Growing triples on trees: An XML-RDF hybrid model for annotated documents

View publication


Since the beginning of the Semantic Web initiative, significant efforts have been invested in finding efficient ways to publish, store, and query metadata on the Web. RDF and SPARQL have become the standard data model and query language, respectively, to describe resources on the Web. Large amounts of RDF data are now available either as stand-alone datasets or as metadata over semi-structured (typically XML) documents. The ability to apply RDF annotations over XML data emphasizes the need to represent and query data and metadata simultaneously. We propose XR, a novel hybrid data model capturing the structural aspects of XML data and the semantics of RDF, also enabling us to reason about XML data. Our model is general enough to describe pure XML or RDF datasets, as well as RDF-annotated XML data, where any XML node can act as a resource.
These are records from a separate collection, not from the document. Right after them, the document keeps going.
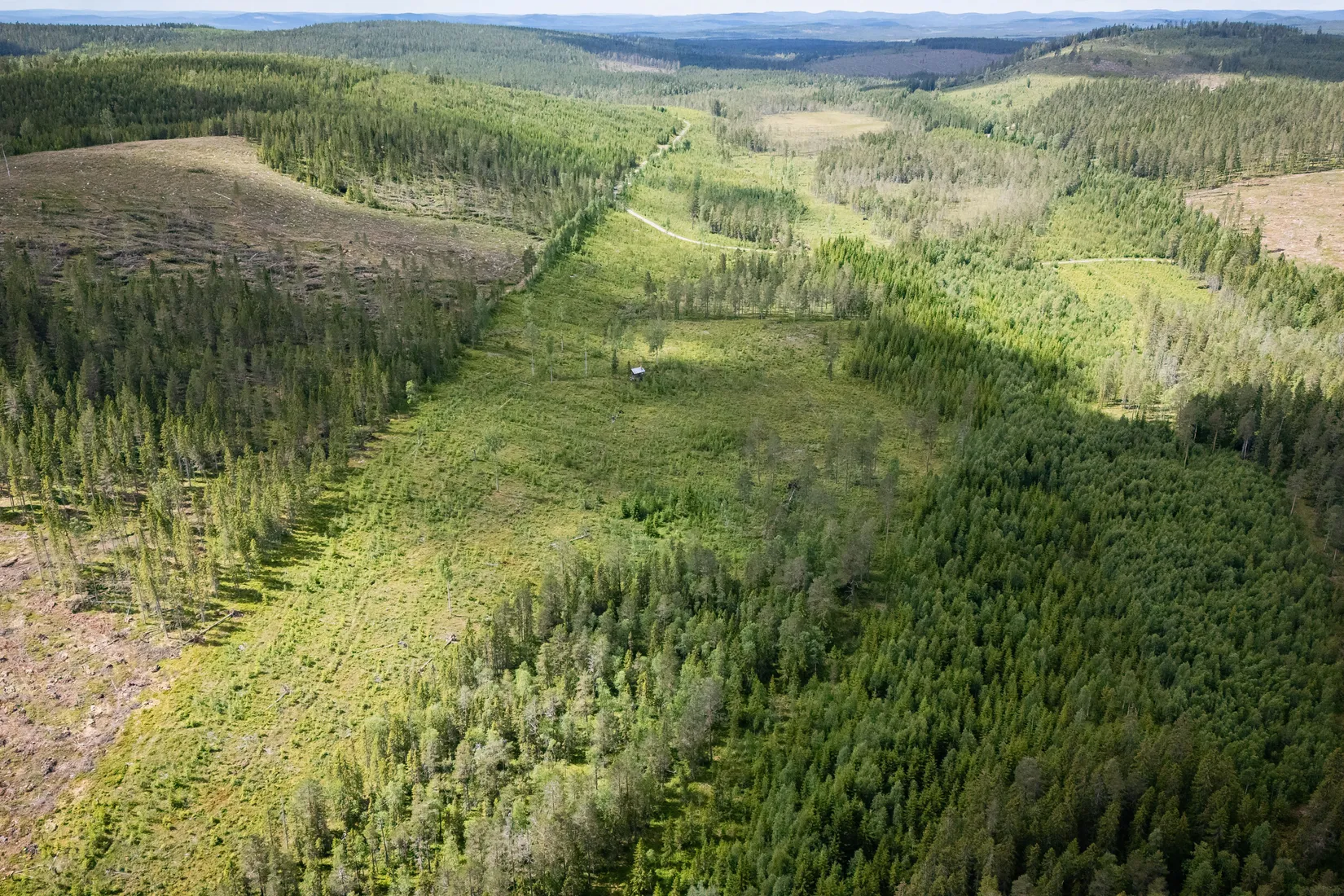 Gård/Skog, BOLLNÄS ARBRÅ KYRKBY 13:31, Arbrå, Bollnäs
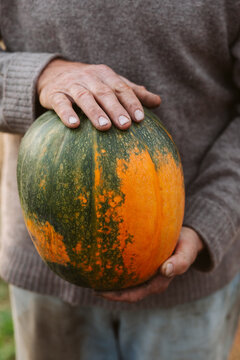 Old hands holding round pumpkin outdoor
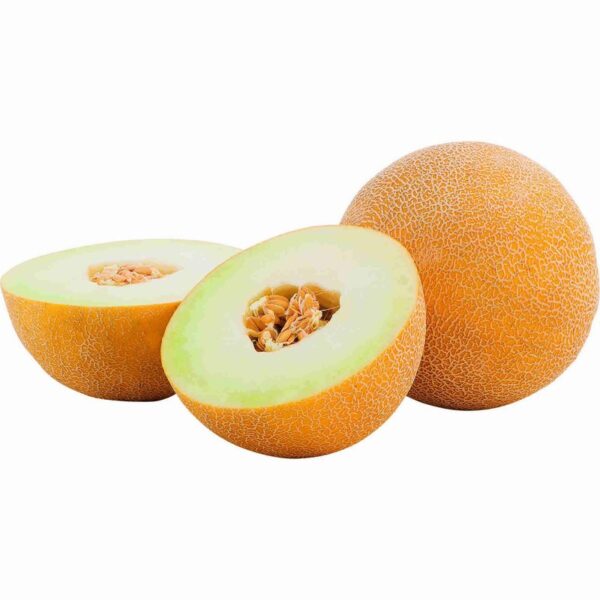 meloa galia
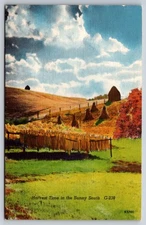 Vintage Postcard Harvest Time Sunny South Farm Scene USA Unposted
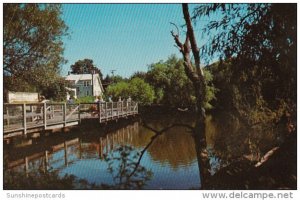 Delaware Rehoboth Beach Children's Fishing Pier Lake Gerar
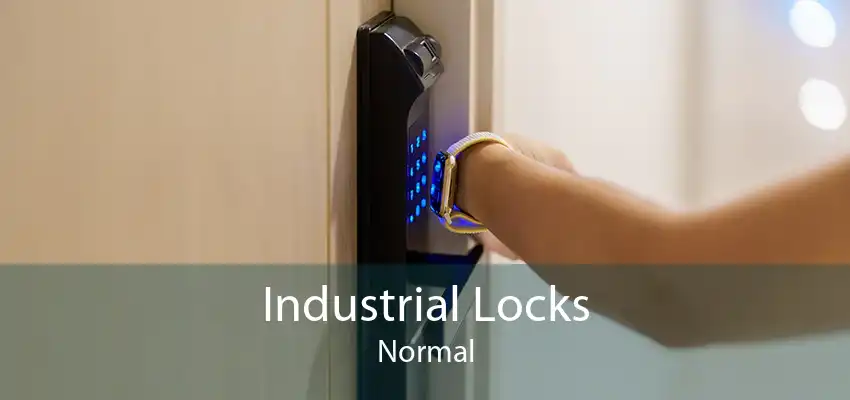 Industrial Locks Normal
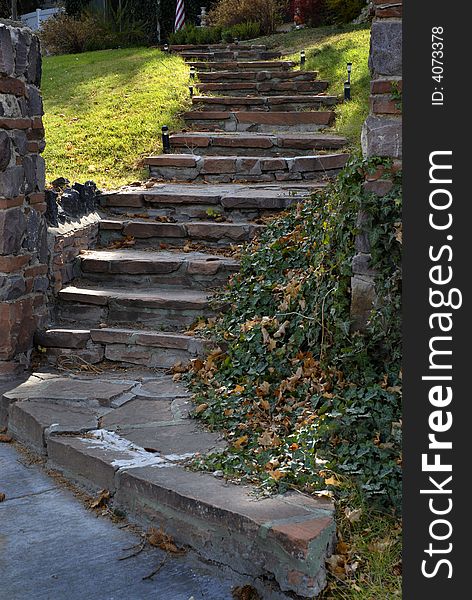 Old stone stairway with plants and leaves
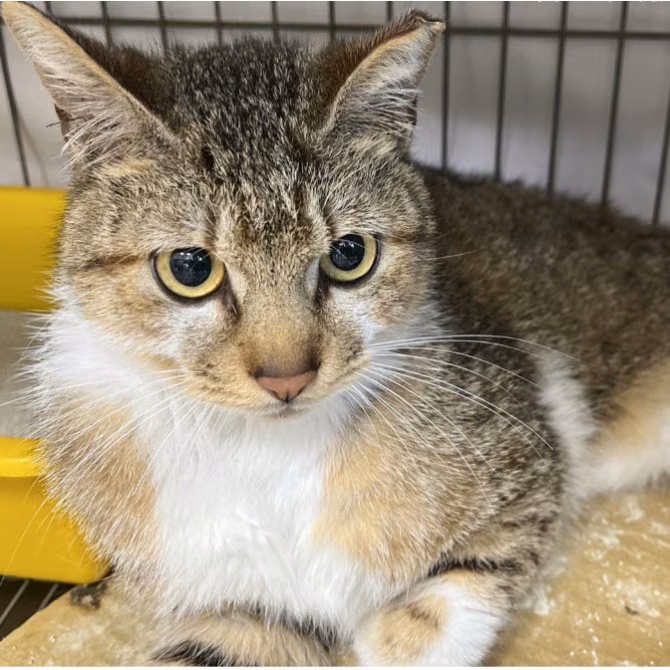 The cat, from the shelter's listing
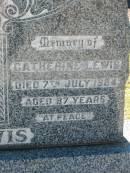 
William LEWIS
27 Aug 1940, aged 80
Catherine LEWIS
7 Jul 1954, aged 87
Lowood General Cemetery

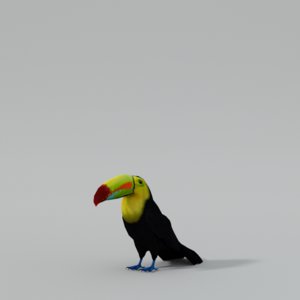 toucan 3D model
This data model comes with the XRQ query language that combines features of both XQuery and SPARQL. To demonstrate the feasibility of this hybrid XML-RDF data management setting, and to validate its interest, we have developed an XR platform on top of well-known data management systems for XML and RDF. In particular, the platform features several XRQ query processing algorithms, whose performance is experimentally compared. © 2013 Springer-Verlag Berlin Heidelberg.